Problem with pimpls

That's "pimpl", not "pimple" - I'm talking about opaque pointers, these beauties help protect your public interfaces from changing implementation. This useful technique has a few drawbacks that aren't so well publicised. In order to prevent others making the same mistakes I have, I thought I'd outline the general use of the pimpl pointer, and some of it's drawbacks:

Here's an example of a first-pass class to encapsulate a user account (I'm making this up on the fly, so bear with me):


class
userAccount

{
public:
// public methods go here
private:
// private data members:
unsigned int accountId;
std::string username;
std::string realName;
};

This will work just fine, but there's a problem. If you need to change the implementation (say you want to store the user's real name in two fields instead of one), unless you're very careful you will end up changing the size and / or the declaration of the class.

Changing the size of the class is a big problem if you're trying to maintain binary compatibility. Changing the declaration of the class is a problem because (some) compilers will now recompile every file that includes your changed header file, even if the changes make no difference to the binary output.

The solution comes in the form of an opaque pointer, or "pointer to implementation" (which is where we get the charming "pimpl" name from). The idea is that the implementation details are put in a separate class that is forward declared in the header file, and fully declared in the cpp file. Your external interface now only contains a single pointer - you can change the size of your implementation class to your hearts content, and you will never change the size or declaration of your external interface. The class above refactored to use a pimpl pointer looks like this:


Header File:

// forward declare implementation class:
class
userCountImpl;


class
userAccount

{
public:
userAccount();
// public methods go here
private:
// private data members:
userAccountImpl *pimpl;
};

Source File:

class
userAccountImpl

{
public:
unsigned int accountId;
std::string username;
std::string realName;
};


userAccount::userAccount()
: pimpl(new userAccountImpl)
{
}


Now any data members can be accesed via the private implementation class. There are several things you can do to extend the example above (using a shard_ptr is a start), but I want to keep things simple for the sake of the example.

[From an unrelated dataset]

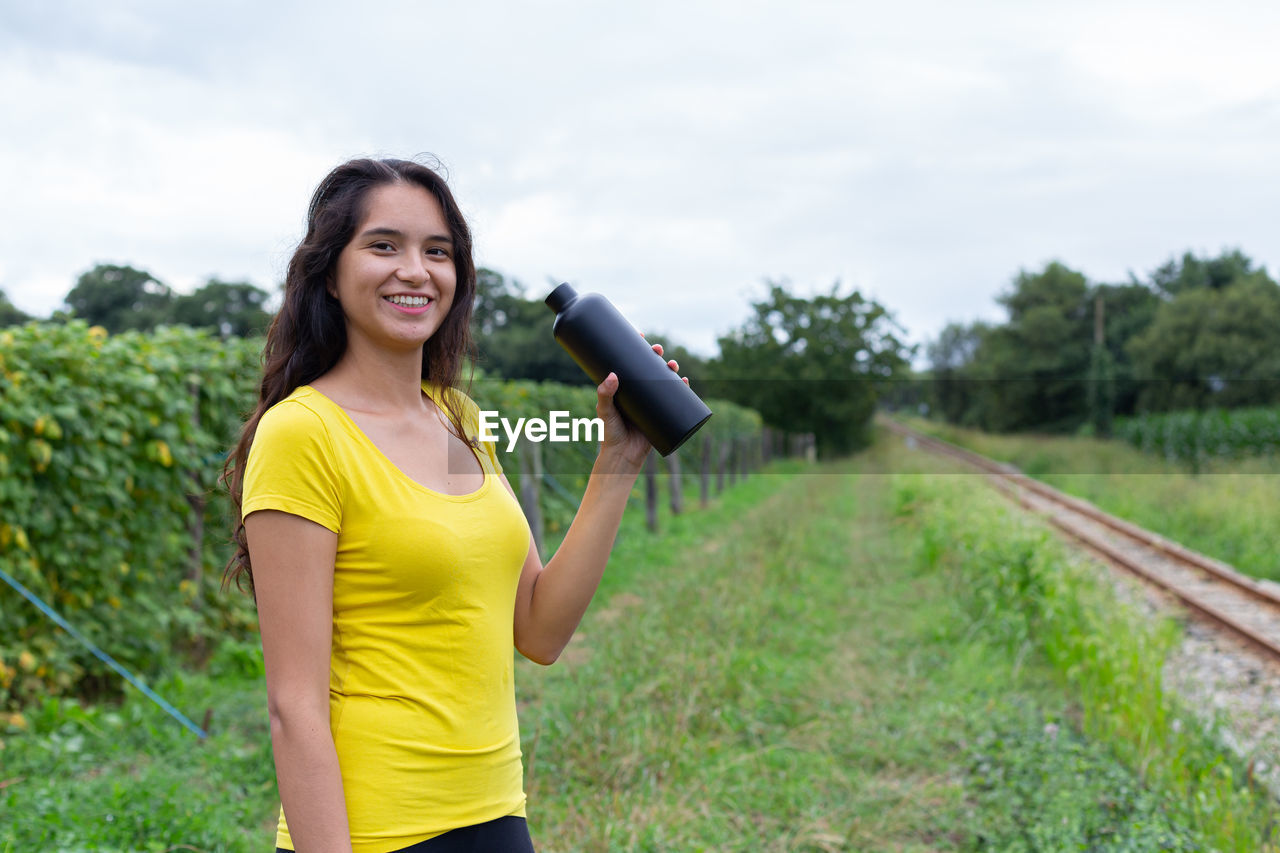 portrait of young woman standing on field against sky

Until recently, I took this method for granted and used it as often as I could. As so often happens when I learn something new I rush to use it in every possible situation, including ones where it doesn't make sense. The pimpl idiom has a few problems associated with it, which I will outline here:

  1. Your object's memory footprint is now split into more than one place in memory. This may not be a huge problem for 90% of classes, but consider a small utility class that contains only standard data types:

    class colour
    {
    public:
    // public methods go here
    private:
    unsigned char red;
    unsigned char green;
    unsigned char blue;
    };

    In order to serialise this into a buffer (like a file), you can get away with using a memcpy or similar technique. Since your object's memory footprint is contiguos, copying the entire object into a file is simple (Yes yes, I know: there are many reasons why this isn't a good idea, but let's face it - this happens all the time). Once you start using pimpl pointers it gets a bit more difficult. Since your implementation class is private to the .cpp file, the code to do the copying needs to be in the same cpp file (otherwise it doesn't have access to the definition of the implementation class). This is relatively easy to work around, but the trouble doesn't stop there - consider what you need to do to un-serialise an object from a buffer. You can no longer be cheeky and use a reinterpret-cast like so:
    colour *pCol = (colour*) pBuffer;
    Again - I realise that this isn't the best idea in the world, but when you're programming with constraints sometimes this is the best way to do things.


  2. The default new and delete operators are expensive. I never realized just how expensive they can be. In a recent bout of performance testing on some real-time software I saw the default new operator take 55ms to allocate a block of 4B of memory. That's way too slow for the real-time application i was working on, and may be too slow for other applications as well. What's more, the times get worse the more memory you allocate - so using the pimpl pointer may not be a good idea at all, since it adds the overhead of a new call to each constructor, and a delete to each destructor. ouch!


If you're looking for more info on the pimpl idiom, Sutter wrote a good article on the pimpl pointer, and a more recent article that talks about some of the performance issues associated with pimpl pointers. This technique is worth using - it can save many attacks of "code cheese" in the future, just be careful where you us it, or you may end up with some nasty performance issues you didn't expect!